Но Кузнецов, как всегда, лукавил. Читал он и Парщикова, и Коркию, и других метаметафористов» (определение не моё — Константина Кедрова). Да, Парщиков ему менее нравился, ибо в его поэзии были сильны традиции ненавистного Кузнецову Маяковского. Ему, безусловно, был ближе Жданов, создавший свой незабываемый образ птицы. Кстати, «филологичность» присутствовала у Жданова ровно в той же мере, что и у самого Кузнецова. Другое дело, Жданов был более авангарден, нежели Кузнецов, и того это сильно злило.
А ещё Кузнецова злил сильный успех и бешеная популярность Жданова и Ерёменко.
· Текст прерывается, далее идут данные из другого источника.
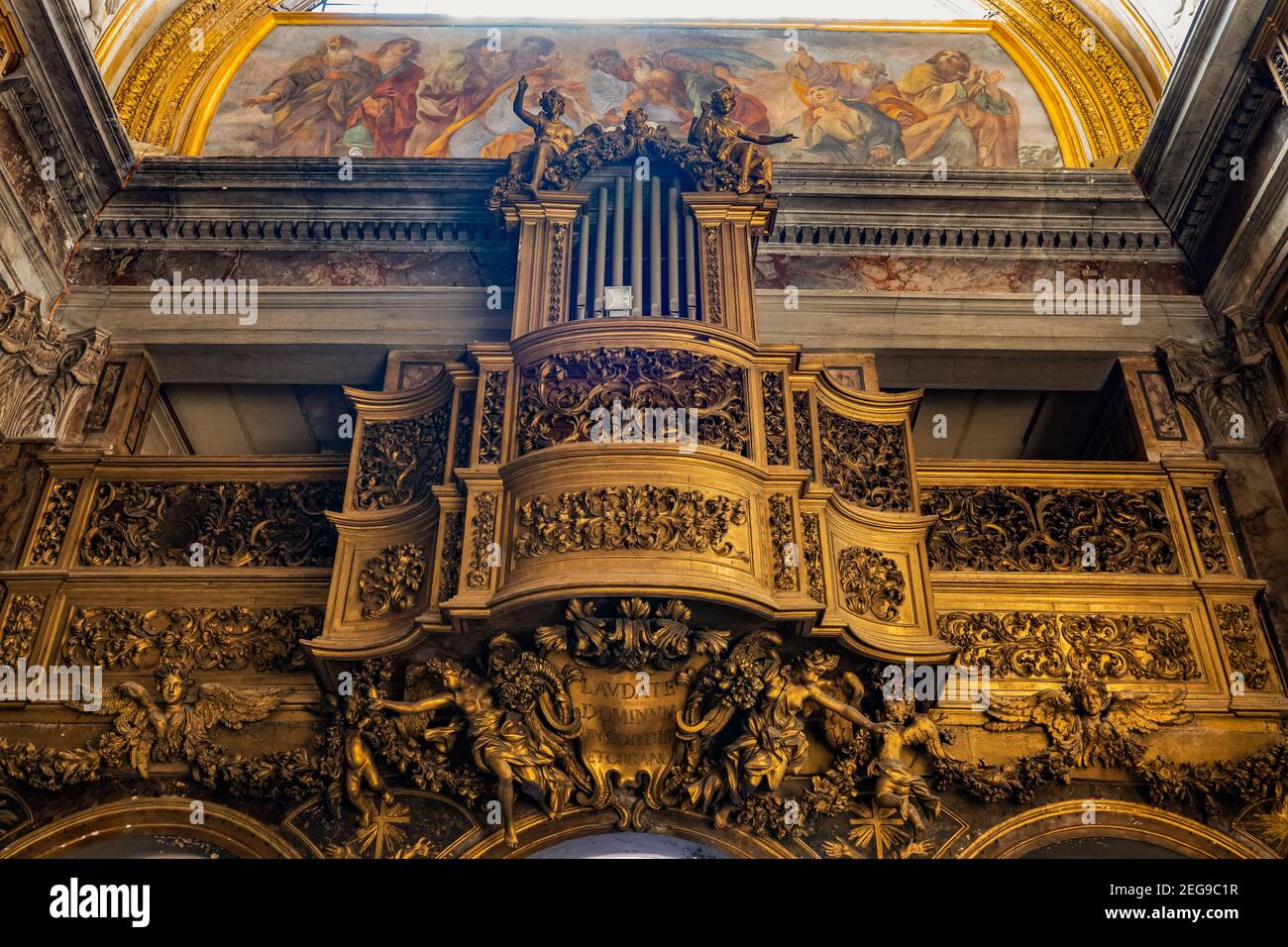 Organo a pipa a San Silvestro in chiesa capita, Basilica di San Silvestro il primo interno a Roma, Italia Foto Stock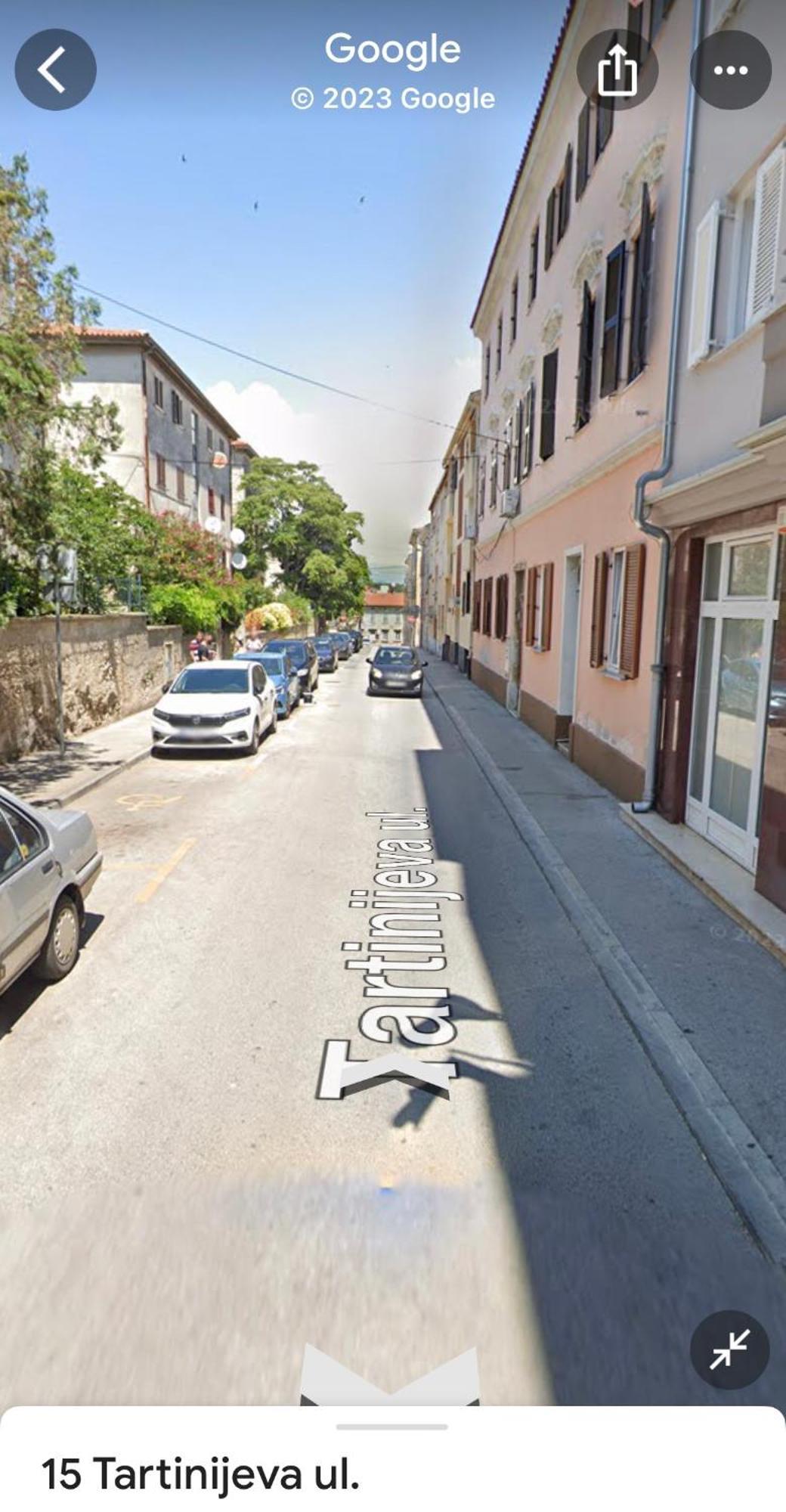 Sunny Corner In City Center With Free Parking Apartment Pula Luaran gambar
Кузнецов понимал, что в середине 80-х годов его слава пошла на спад. Но ему с этим смириться было очень трудно. И всё его раздражение вылилось на других, более успешных стихотворцев. Но народу ведь не скажешь всю правду. Поэтому в ход пошли ссылки на идеологические расхождения. Будто других мерил для определения ценности стихов и не существовало.
В пику Жданову с Ерёменко Кузнецов в середине 80-х годов поддержал другую — «возрожденческую» — плеяду (термин Ларисы Барановой-Гонченко). Он написал предисловия к дебютным книгам Владислава Артёмова, Михаила Попова, очень хвалил Юрия Кабанкова и Михаила Шелехова…
Правда, некоторые критики увидели в стихах этих поэтов руку самого Кузнецова. «И та же самая рука, — утверждала Ирина Роднянская, — вывела многие строчки Юрия Кабанкова». Естественно, «возрожденческая плеяда» с этим мнением не согласилась. Попов тут же в стихах ответил Роднянской, что Кабанков «не похож на Кузнецова, но кажется порою мне он Мандельштама и Кольцова соединил в себе. Вчерне…»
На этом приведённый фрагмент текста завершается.